Dmity Medvedev deserves a chance to rule. He’s been frequently lambasted as Putin’s “puppet” by know-it-all westerners. But how much worse, how much of a puppet, would Hillary Clinton be? Isn’t this the high water mark of hypocricy, particularly when this charge is uttered by Hillary herself?
Before his election, Medvedev was a successful lawyer, a law professor, and a participant in the liberal, reformist regime in St. Petersburg during the 1990s. He ran the huge conglomerate Gazprom. Then he served as Vladimir Putin’s deputy. Now they will share power differently, with Putin as prime minister. This is unique, but movement in and out of power is not necessarily the end of democracy (ask President and Supreme Court Justice Taft), and it surely is less of a threat than the hereditary duopoly of two mediocre and power-hungry families, as we have at home of late.
Hillary, by contrast, was a reasonably successful commercial lawyer, but in a po-dunk state; she managed to find herself in two major financial scandals (Whitewater and Cattle Futures); there is no doubt she was only elected in NY because of her name recognition and her husband’s fundraising ability. She failed miserably in her managerial role trying to promote healthcare, and so far has shown little managerial competence in running her presidential campaign. She has a very thin resume when it comes to executive functions, unlike Putin’s deputy. She has been a competent Senator, but the skills learned there do not translate very well into being President, which is probably why the last six Presidents came from a gubernatorial or VP background.
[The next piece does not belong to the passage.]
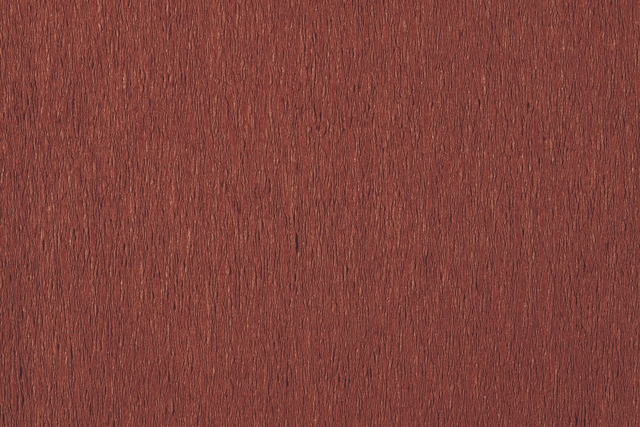 141857p2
Hillary’s qualifications are dubious, but all too common in the age of democratic decadence; her First Lady status is something she shares in common with other lackluster, quasi-monarchical “presidents” such as Indira Gandhi (India), Corozon Aquino (Philippines), and Cristina Fernandez de Kirchner (Argentina). None of these leaders was known for much more than nepotism and corruption.
Russia is not perfect . . . if the standard of perfection is democratic liberalism. But neither then is China, South Africa, or Albania. Yet they all get a pass. Russia is certainly in pretty good shape by any world historical standard. It is much more liberal than it was during the dark days of Soviet Communism, when American intellectuals were talking about convergence and unilateral disarmament and “economic democracy.” Finally, Russia would be a natural partner in the war against Radical Islam, if only American leaders and journalists would stop going out of our way to insult its leaders.
American critics insult Russia, even as these same public intellectuals make apologies for useless thugs like Hugo Chavez and Mahmoud Amadinedjead, not to mention Castro. Why? Pas d’ennemi a gauche! Putin is perceived by elites in both parties as a “man of the right,” and thus none of his expressions of national pride and authority go uncriticized.
He is a de Gaulle figure in his country’s history, restoring pride through competent leadership that is consciously mindful of the value of patriotic symbols. His restoration of the role of the Orthodox Church in particular grates against liberals and atheist comopolitans. But it is high time that America behaved, if not justly and fairly, at least sensibly towards Russia. Mere self interest should correct our path and remind us that the only thing we’ve gotten from this campaign of defamation is highly priced oil and a Russia increasingly unified, once more, against American “imperialists.”
Conservatives in particular should not fall into an outdated Russophobia, because, for us, any nation expressing its particular identity with pride and confidence is a natural friend, a friend against common enemies: the leveling forces of globalism, unrestrained materialism, radical Islam, and nation-destroying mass immigration by Third Worlders.